**Prompt:**
Each line from the one containing "Labradorite & Smoky" to the end of the entries below is to be set down exactly; the pictures are not.

**Given information:**
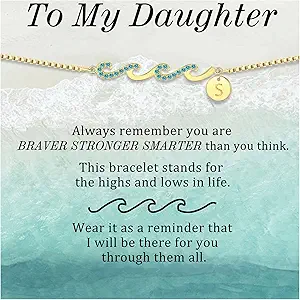 Dainty Gold Bracelet with Initials, Gifts for Women Initial Bracelets for Women Mom Gift Teen Gifts Trendy Stuff Wave Bracelet Grandma Graduation Gifts for Her 2025 Daughter Friend Letter A-Z Birthday Christmas Jewelry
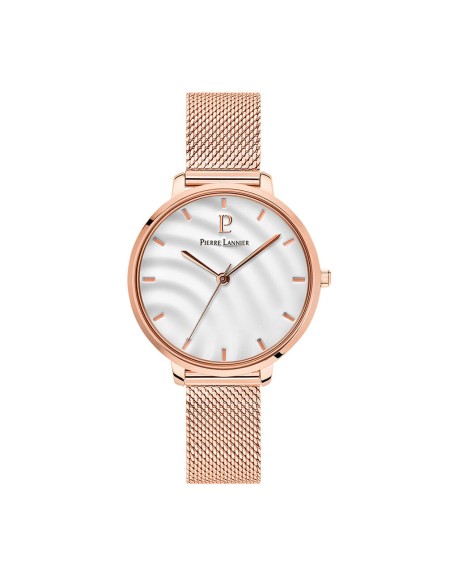 Pierre Lannier Betty Montre Femme Acier Doré Rose Milanais 065L708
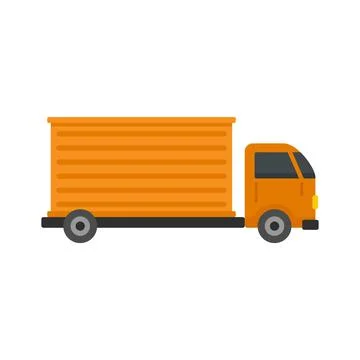 Parcel truck delivery icon flat isolated vector Stock Illustration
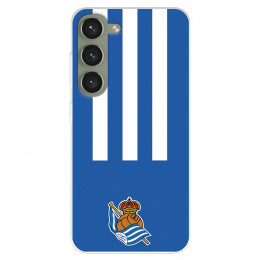 Funda para Samsung Galaxy S23+ del Real Sociedad de Fútbol rayas verticales  - Licencia Oficial Real Sociedad de Fútbol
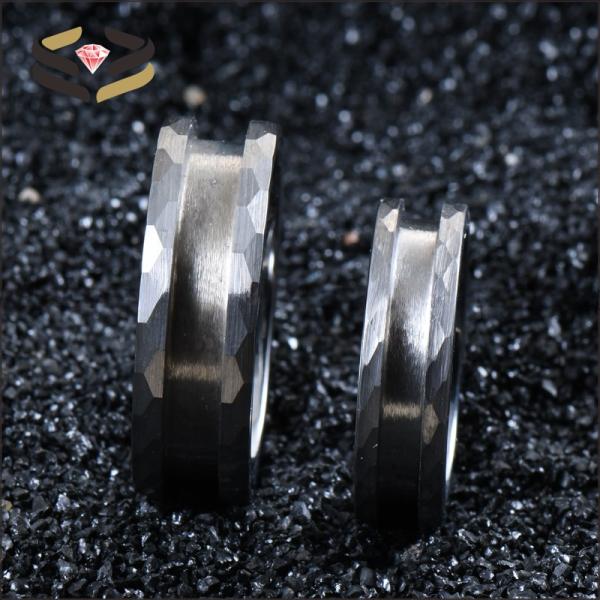 Third Party Appraisal Silver Hammered Tungsten Ring Blank Inlay Ring Cores 6mm 8mm for Men and Women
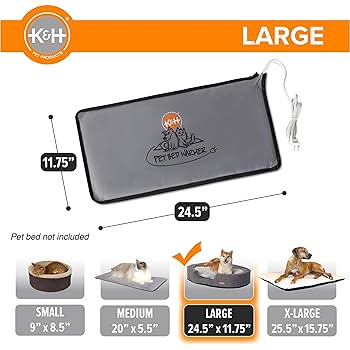 K&H Pet Products Pet Bed Warmer - Large 11x23 Gray - Turns Any Pet Bed Into a Heated Bed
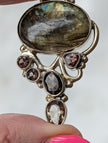 Labradorite & Smoky Quartz Pendant — One-of-a-Kind Sterling Silver Statement
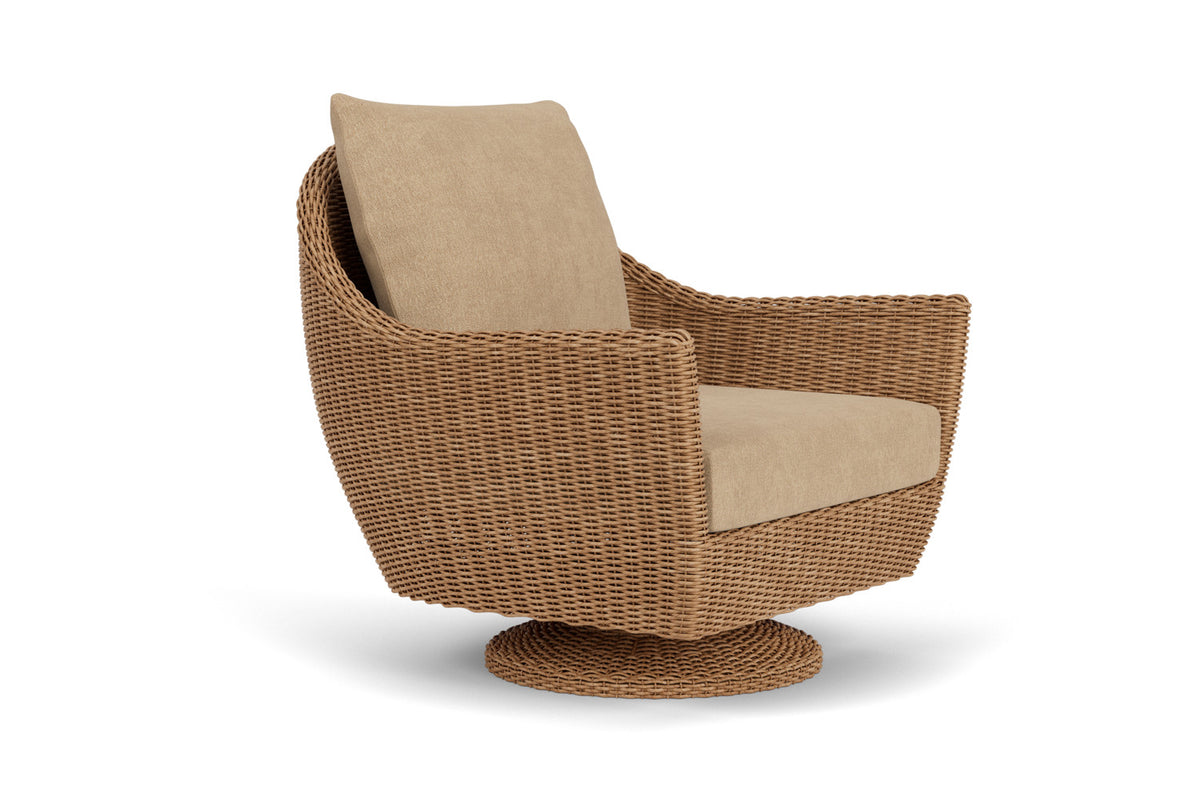 Lloyd Flanders Tobago Swivel Rocker Lounge Chair with Hayden Sand fabric, view 3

**Written answer:**
 Labradorite & Smoky Quartz Pendant — One-of-a-Kind Sterling Silver Statement
 Lloyd Flanders Tobago Swivel Rocker Lounge Chair with Hayden Sand fabric, view 3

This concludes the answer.